All that we have just described, however, is but trifling when placed in comparison with one marvellous fact, which I must not omit to mention before I pass on to other subjects. In the consulship[2631] of M. Lepidus and Q. Catulus, there was not at Rome, as we learn from the most trustworthy authors, a finer house than the one which belonged to Lepidus himself: and yet, by Hercules! within five-and-thirty years from that period, the very same house did not hold the hundredth rank even in the City! Let a person, if he will, in taking this fact into consideration, only calculate the vast masses of marble, the productions of painters, the regal treasures that must have been expended, in bringing these hundred mansions to vie with one that had been in its day the most sumptuous and the most celebrated in all the City; and then let him reflect how that, since that period, and down to the present time, these houses have all of them been surpassed by others without number. There can be no doubt that conflagrations are a punishment inflicted upon us for our luxury; but such are our habits, that in spite of such warnings as these, we cannot be made to understand that there are things in existence more perishable even than man himself.

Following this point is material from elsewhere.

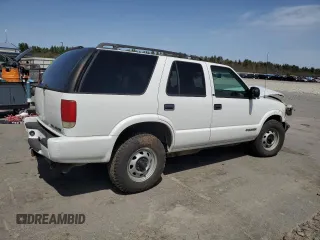 2001 Chevrolet Blazer LS z VIN 1GNDT13W71K230422, wystawiony jako Copart lot #54924005 z przebiegiem 171 035 mil mil oraz Szkoda całkowita • Salvage title. Historia ofert i sprzedaży dostępna na DreamBid. Obrazek 3.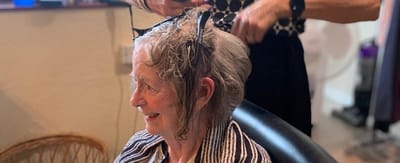 Senior woman getting a hair treatment at a salon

But there are still two other mansions by which all these edifices have been eclipsed. Twice have we seen the whole City environed by the palaces of the Emperors Caius[2632] and Nero; that of the last, that nothing might be wanting to its magnificence, being coated with gold.[2633] Surely such palaces as these must have been intended for the abode of those who created this mighty empire, and who left the plough or their native hearth to go forth to conquer nations, and to return laden with triumphs! men, in fact, whose very fields even occupied less space than the audience-chambers[2634] of these palaces.